Schlagwort-Archiv: Vulva

Schön im Schritt


Die einen lassen sich ihre Schamlippen kürzen, die anderen feiern die Vulva als Kunstobjekt. Das weibliche Geschlecht als Kampfzone und Goldgrube.
Unten ohne und breitbeinig sitzt Anna Daxbacher in einem Ohrensessel, während ihr die Künstlerin Gloria Dimmel graue Abdruckmasse auf das Genital schmiert. In einer Privatwohnung im 17. Bezirk lässt sie einen Gipsabdruck ihrer Vulva – dem äußeren weiblichen Geschlecht – anfertigen.
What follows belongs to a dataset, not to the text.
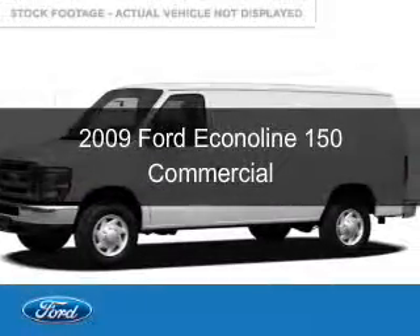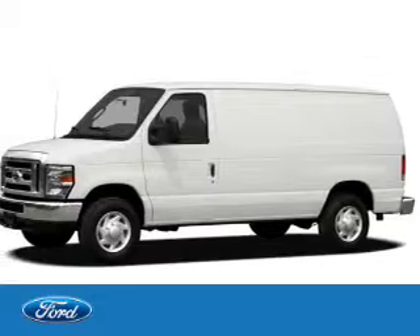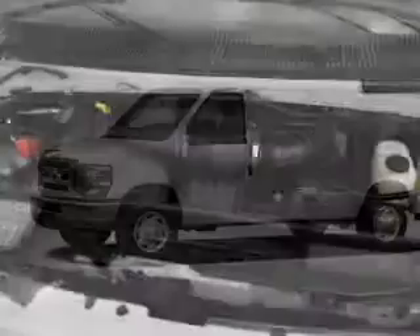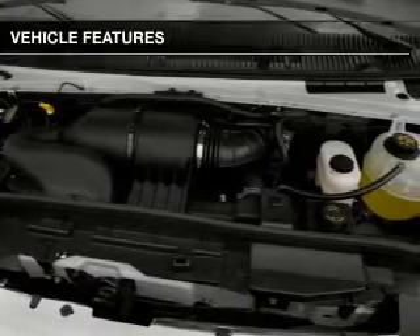This is a used 2009 Ford Econoline 150, powered by rear wheel drive, a 4.6 liter, 8-cylinder engine, and a 4-speed automatic transmission.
Wozu? „Man sieht sich nie so“, sagt die junge Frau mit den tätowierten Armen. „Also nicht in dieser Perspektive, nicht in 3D.“ Dimmel startete das Projekt im Selbstexperiment nach Vorbild des britischen Künstlers Jamie McCartney, der in Brighton mit einer Wand aus 400 Vagina-Abdrücken im Vorjahr Furore machte. Ziel dieser Aktionen ist es, die Vielfalt der Vulven zu zeigen. Dieser Artikel ist am 23.7.2018 in der „Wiener Zeitung“ erschienen.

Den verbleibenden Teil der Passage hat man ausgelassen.